Involve yourself in enough WordCamps, meetups and community forums, and you start to notice a trend. The same kind of question is asked over and over. It sounds something like…

What plugin should I install to do {feature}?

WordPress users have the world’s most popular CMS, with 29% of the web under its wing and 53,000+ plugins, yet there is still a confidence gap when choosing plugins and themes. Right now, WordPress does a great job of providing plugin and theme information related to:

  • The features
  • The support you receive
  • User reviews

These are all part of what makes a good plugin or theme, but there is an important piece missing. This piece of information answers the question…

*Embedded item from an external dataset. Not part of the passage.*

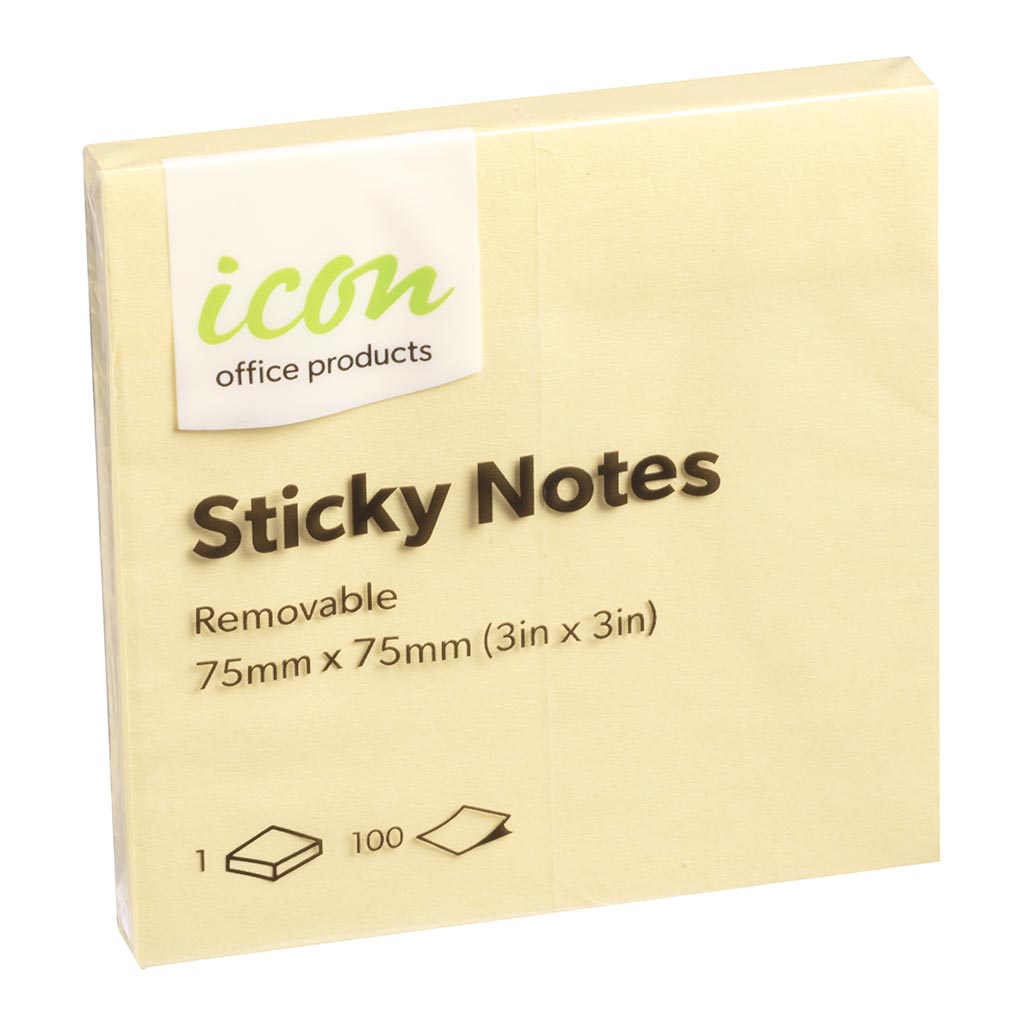 Icon Sticky Notes 75mm x 75mm Yellow - Cafe Supply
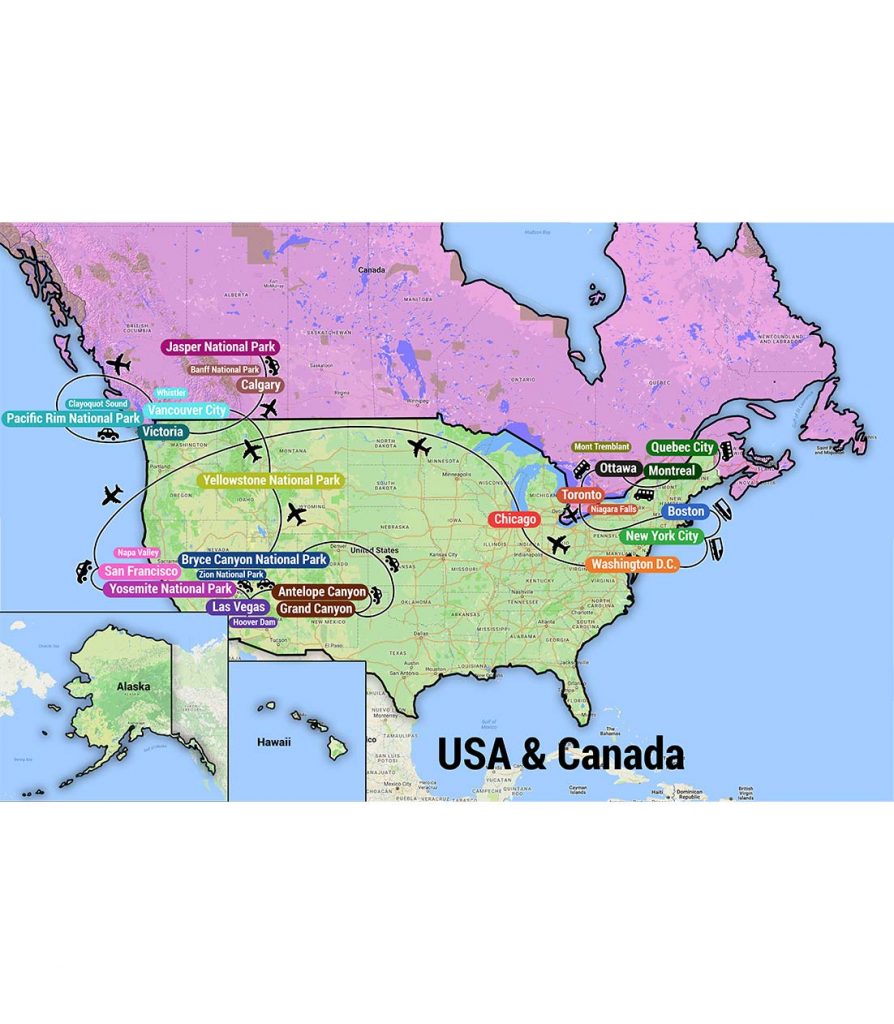 tourist map of usa and canada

Will the code I’m about to install break or put my site at risk?

A plugin or theme could deliver the exact range of features you need, with great support, and positive reviews, but if the quality of code it contains is poor, you risk the integrity of your website. A single line of good code can unlock potential for you and your website, but bad code can trigger untold calamity.

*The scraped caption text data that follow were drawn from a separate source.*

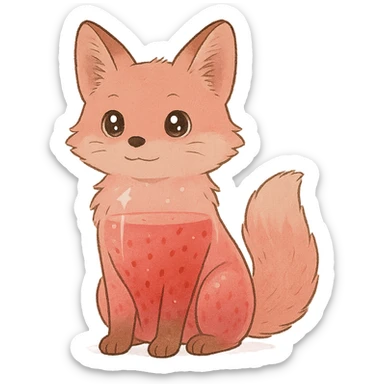 soft fluffy fox with a transparent body showing a strawberry smoothie inside, sparkling eyes, pastel pink, full-body sticker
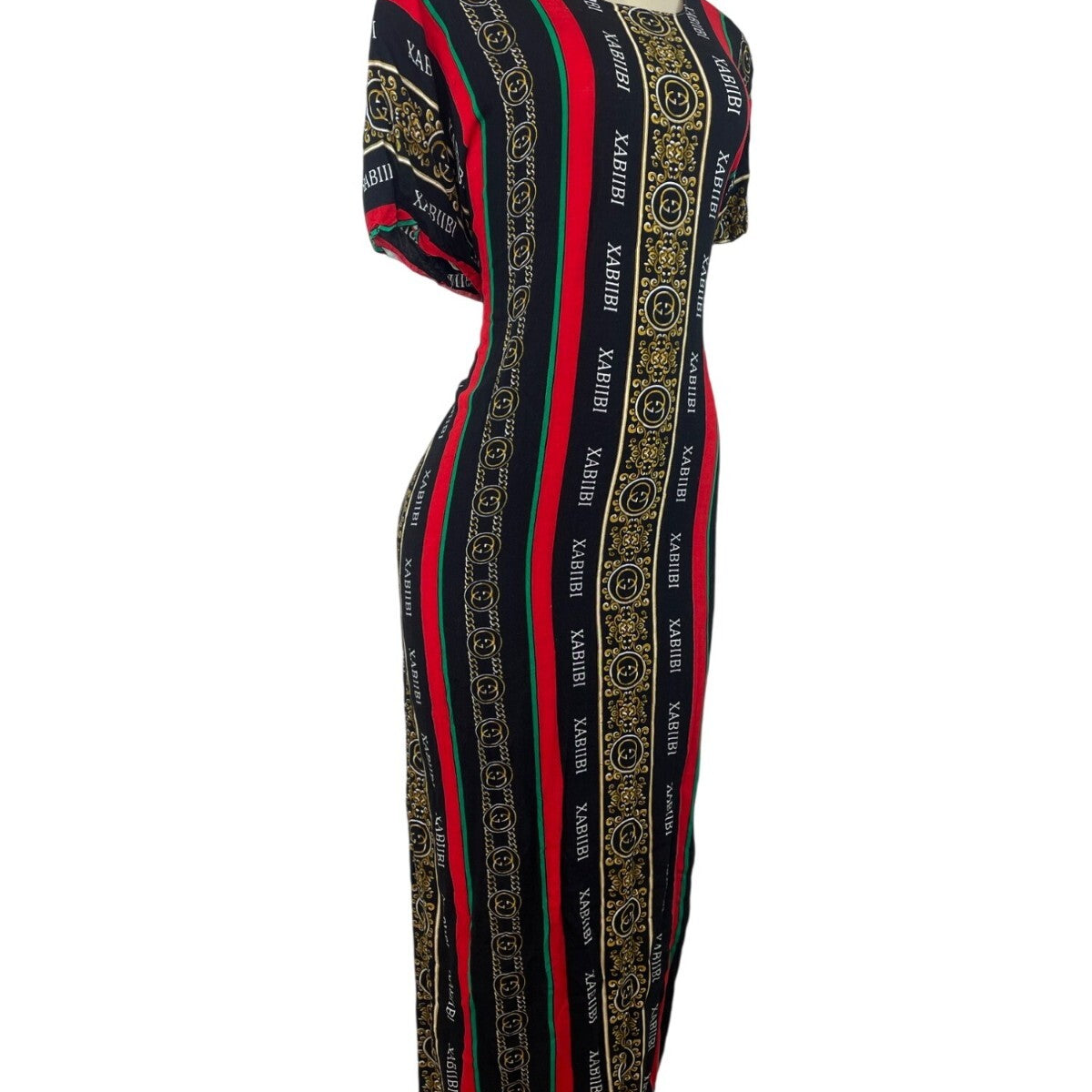 Elegant Heritage Print Maxi Dress With Short Sleeves & Bold Stripes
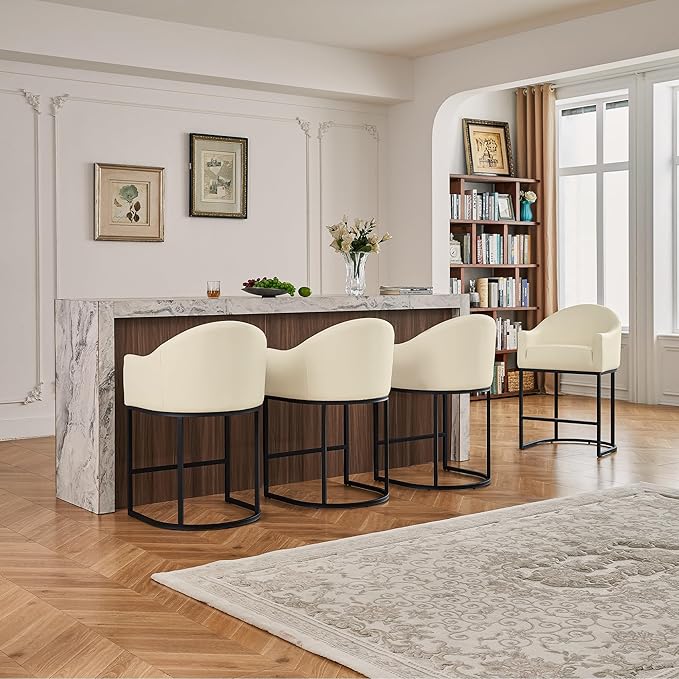 Counter Height Bar Stools Set of 4,Modern Counter Height Bar Stools,PU Leather Upholstered Barrel Barstools with Backs,26'' Kitchen Island Chairs,Metal Black Frames,Beige White Leather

Unfortunately, the barrier of entry to writing good code is higher than we would like to admit.

The good news

We believe there’s a way to streamline complex web engineering processes around code quality into elegant tools that all WordPress users – from builders to admins to developers – can understand. Tools that empower users to make better decisions on the plugins and themes they install on their sites. Tools that equip developers to easily spot problems and craft a better class of code.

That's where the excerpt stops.